Dût la chose indigner les amateurs de ce très grand comédien – dont je suis d’ailleurs – je ne le trouve pas très convaincant en vrai salaud manipulateur, capable d’encore moins de scrupules que ses complices, qui n’en ont déjà aucun ; c’est dire ! Rochefort, né en 1930, n’était pourtant pas en 1963 un perdreau de l’année mais il courait encore le cachet dans de bien petits rôles ; il me semble que sa notoriété, son début de notoriété, est survenue en 1964 avec Angélique marquise des anges où, dans le rôle mineur du policier Desgrez, il crevait l’écran. Il me semble en tout cas qu’il n’était pas encore tout à fait mûr pour tenir le devant de la scène, comme il doit le faire dans cette Symphonie. C’est comme ça : il y a des gens qui éclatent à vingt ans, et d’autres qui doivent attendre quinze ans de plus (Noiret et Marielle sont un peu dans le même cas, au demeurant).
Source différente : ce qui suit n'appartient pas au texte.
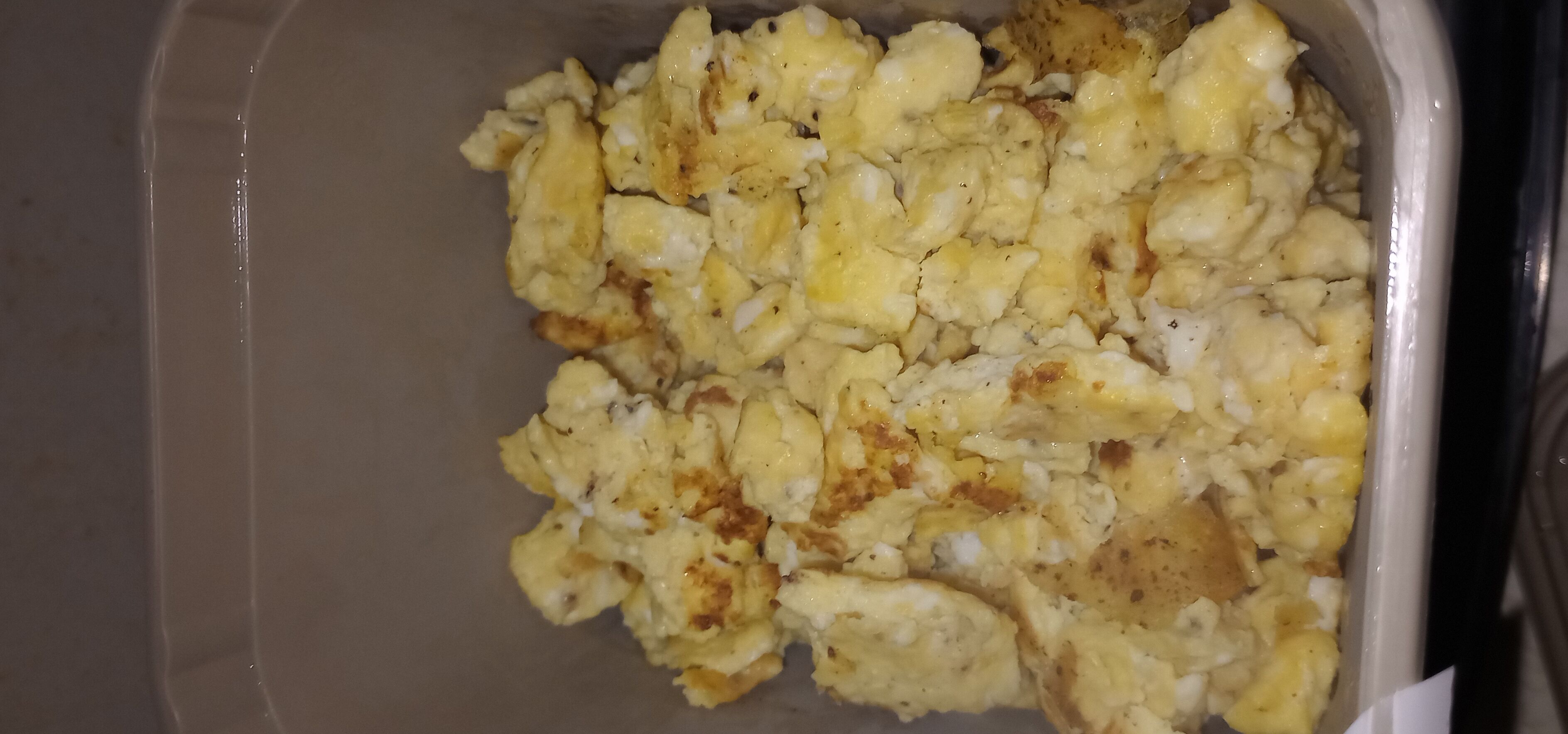 A container of scrambled eggs.
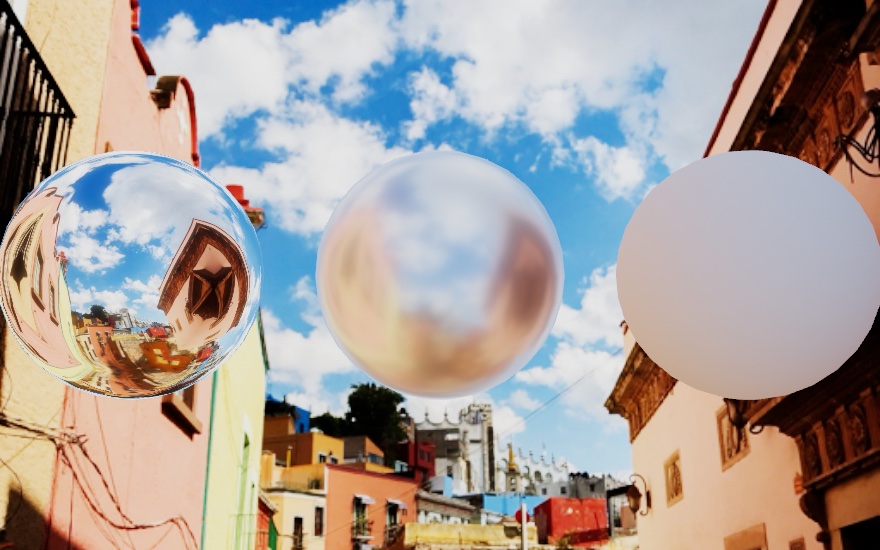 Three spheres floating in front of a photograph of a narrow street under a bright cloudy sky. The chrome sphere on the left carries the whole street wrapped around it, buildings and clouds and all, the middle sphere smears the same reflection into a satin sheen, and the white matte sphere on the right just takes the daylight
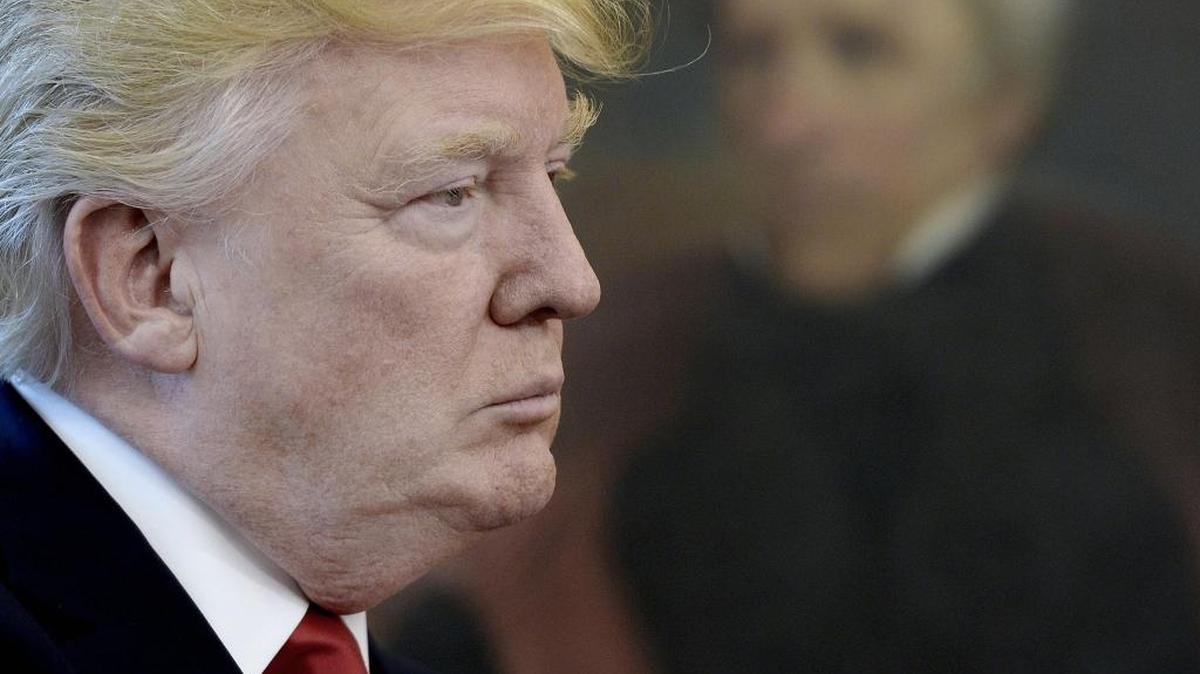 U.S. President Donald Trump looks on after speaking about trade in the Oval Office of the White House March 31, 2017 in Washington, D.C.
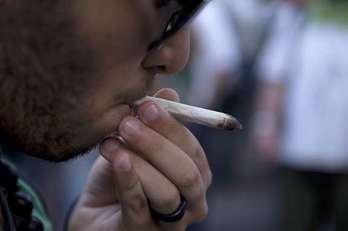 Un hombre fuma marihuana durante una marcha a favor de su libre consumo. (Pablo PORCIUNCULA/AFP)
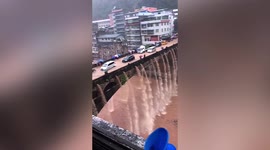 Water cascades from flooded bridge like waterfall in southern China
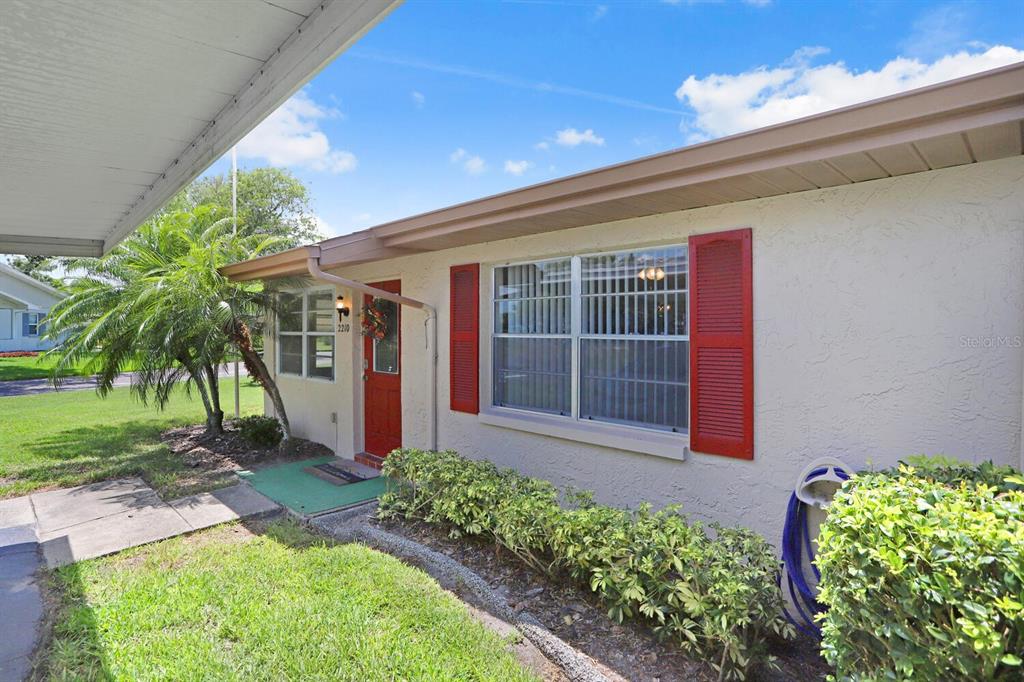A single-story house exterior features a red front door, red shutters, and a palm tree — 2210 GREENHAVEN DRIVE UNIT 375, SUN CITY CENTER, FL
Dans une belle atmosphère en Noir et Blanc, pleine des exercices obligés du genre (voitures rapides, boîtes de nuit qui servent de couverture à de plus rémunérateurs trafics, tables de jeu plus ou moins clandestines, gros pardessus ou trench-coats épaulés, staccatos des trains de nuit), voilà une bien agréable machinerie meurtrière.

Cinq canailles qui ont un peu de poids sur la place de Paris, mais ne sont pas au sommet de la pègre, qui sont liés par un jeu d’intérêts croisés, s’associent plus fermement pour acquérir une grosse cargaison de drogue, mettant chacun une part égale au pot. Ce sont Paoli (Vanel), Valoti (Dauphin), Clavet (Auclair)), Moreau (Giovanni) et Jabeke (Rochefort). Moreau est chargé par ses complices d’aller chercher la came à Marseille, muni de la grosse galette. Mais Jabeke (qui est par ailleurs l’amant de la femme (Daniela Rocca) de Valoti/Dauphin) a monté une intelligente embrouille pour s’approprier le magot.

Ça fonctionne assez bien jusqu’à ce qu’il soit une nouvelle fois prouvé (au cinéma !) que le crime parfait n’existe pas et qu’il paye encore moins. Mais on a passé un bien bon moment.